Gibt es Illuminaten und Freimaurer in Zürich?

Ja, es gibt Freimaurer in Zürich und Illuminaten gab es wohl auch. Viel wichtiger aber ist die Frage, ob dies ein Problem darstellt. Ein Bericht aus einer Welt zwischen Wahrheit und Mythos.

Der Politiker Mounier schrieb in seinem Buch «De l’influence», es brauche nur jemand das Wort «Illuminat» auszusprechen, um die «leichtgläubigen Leute in Schrecken zu versetzen». «Es ruft in ihrer Vorstellung sogleich das Bild einer mächtigen Sekte hervor, die im Finsteren zuschlägt und für die Massaker, Plünderungen und Verzweiflung nichts als ein Spiel sind». Das Buch ist 1801 erschienen, die Passage jedoch könnte ohne weiteres aus aktuellen Youtube-Videos stammen.
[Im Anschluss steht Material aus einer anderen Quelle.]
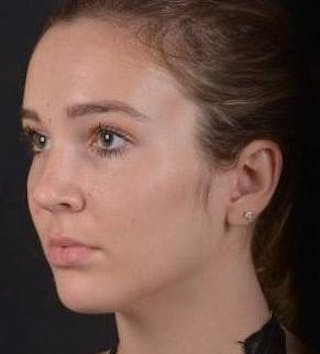 Rhinoplasty Before & After Gallery - Patient 230823 - Image 6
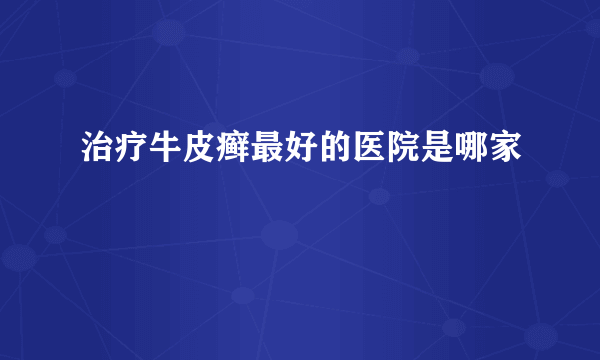 治疗牛皮癣最好的医院是哪家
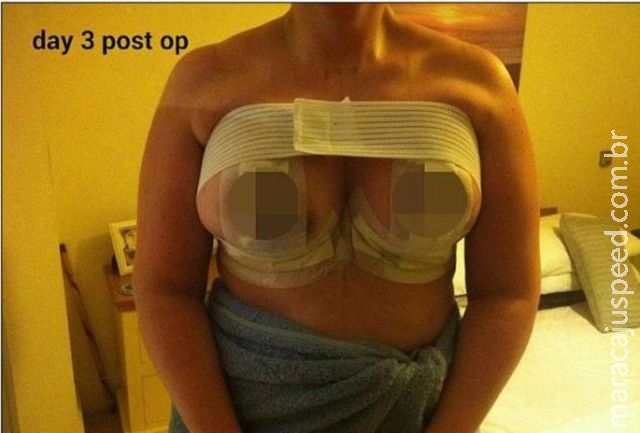 Mulher perde parte dos seios por necrose após colocar silicone Mulher perde parte dos seios por necrose após colocar silicone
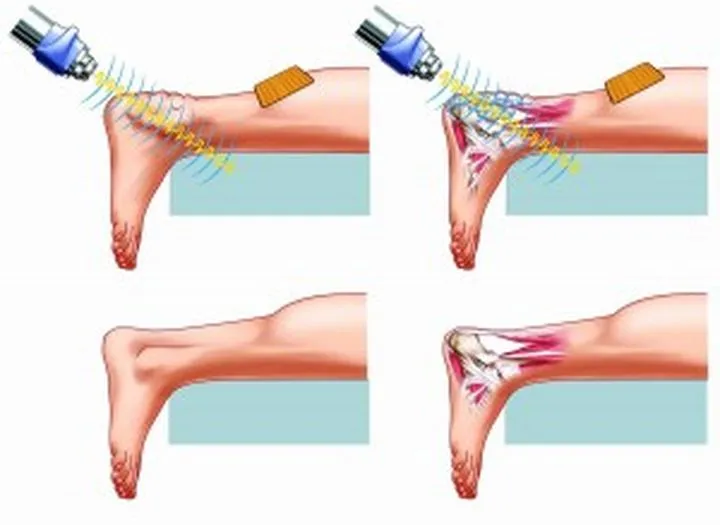 Terapia falami uderzeniowymi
Gemäss den dortigen verbreiteten Verschwörungstheorien sollen Illuminaten und Freimaurer verantwortlich sein für zig Geschehnisse von der Französischen Revolution über die Ermordung Kennedys bis zu 9/11. Sogar in Zürich scheinen sie tätig gewesen zu sein: User «TruthIsNeverTooHorrible» schreibt in einem Verschwörungsforum, die Illuminaten hätten den Zürcher Botellon 2008 ausgeheckt, damit dieses die Titelseiten der Medien füllt und Usain Bolts Lauf am Leichtathletik-Meeting im Letzigrund am selbigen Wochenende in Vergessenheit gerät. Wie so oft bleibt es bei der blossen Unterstellung, ohne Beweise zu nennen oder weitere Erklärungen abzugeben. In einem Punkt hat der Autor aber Recht: Es gibt durchaus Freimaurerlogen in Zürich und einen Illuminatenorden hat es wohl auch gegeben.
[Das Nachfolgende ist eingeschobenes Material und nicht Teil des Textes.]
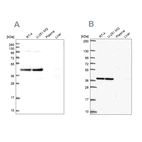 Western blot analysis using Anti-CCDC94 antibody HPA043606 (A) shows similar pattern to independent antibody HPA055675 (B).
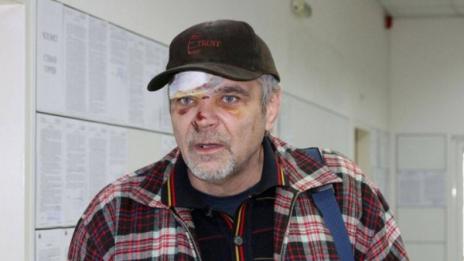 Пребиха поета, обидил девствената колежа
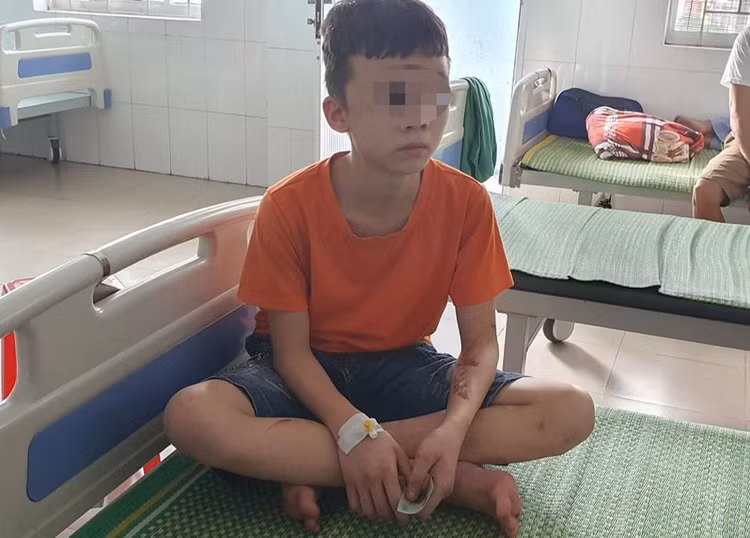 Nữ chủ quán bánh xèo đánh nhân viên bằng chày đá, dao, bàn chải sắt - 1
Die Freimaurer: Viel Feind, viel Ehr’
Zunächst einmal muss festgehalten werden, dass Freimaurer und Illuminaten voneinander zu unterscheiden sind, wenn auch einige Freimaurer Illuminaten gewesen sind. Die Freimaurer sahen und sehen sich als humanitär-ethische Vereinigung, oder wie es in den «Allge¬meinen maureri¬schen Grundsät¬zen der Schweizerischen Grossloge Alpi-na» geschrieben steht: «Der Zweck des Freimaurerbundes ist die Erziehung seiner Mitglieder zum wahren Menschentum». Die ersten dieser Logen entstanden anfangs des 18. Jahrhunderts und verbreiteten sich rasch in weiten Teilen der Welt. Ihre Idee der Befreiung des Menschen aus seiner selbstverschuldeten Unmündigkeit gepaart mit den geheimen internen Ritualen liess bis heute viel Platz für eigenwillige Interpretationen und abergläubische Meinungen bezüglich der Logen. Im Laufe der Jahre zählten das römisch-katholische Papsttum, die Nazis aber auch linke Diktaturen zu den Feinden der Freimaurerei. In ihren Reihen sollen sich jedoch nicht weniger illustre Namen befunden habe, so unter anderem Goethe, George Washington, Walt Disney, Charlie Chaplin, Kurt Tucholsky oder Axel Springer. Waren sie nur auf der Suche nach Erleuchtung oder wollten sie tatsächlich eine neue Weltordnung errichten?

Geheimnisse auf dem Lindenhof?
Hierzulande entstanden die ersten Logen in der Mitte des 18. Jahrhunderts und hatten von Anfang an starken Zulauf. 1937 versuchte man die Freimaurerei auch hier zulande mit einer nationalsozialistisch angehauchten Volksinitiative zu verbieten, das Volk lehnte dies jedoch mit einer deutlichen Mehrheit ab. Gemäss der grössten Zürcher Loge «Modestia cum Libertate» zählen die 83 Schweizer Logen heute noch fast 4’000 Mitglieder. Die Freimaurer mögen zwar ein exklusiver Klub sein, jedoch haben sie informative Internetseiten, geben eigene Publikationen heraus und zumindest die Zürcher Logen sind in stadtbekannten Gebäuden auf dem Lindenhof zu finden. Wie der Autor Peter Wendling in seinem Buch über die Logen schreibt, sind sie «viel weniger geheim als viele Aufsichtsratssitzungen von Wirtschaftsunternehmen». Was zudem kaum bekannt ist: Die Freimaurer sind auch karitativ tätig. So wurde zum Beispiel das Zürcher Brockenhaus einst von der bereits genannten Loge «Modestia cum Libertade» gegründet.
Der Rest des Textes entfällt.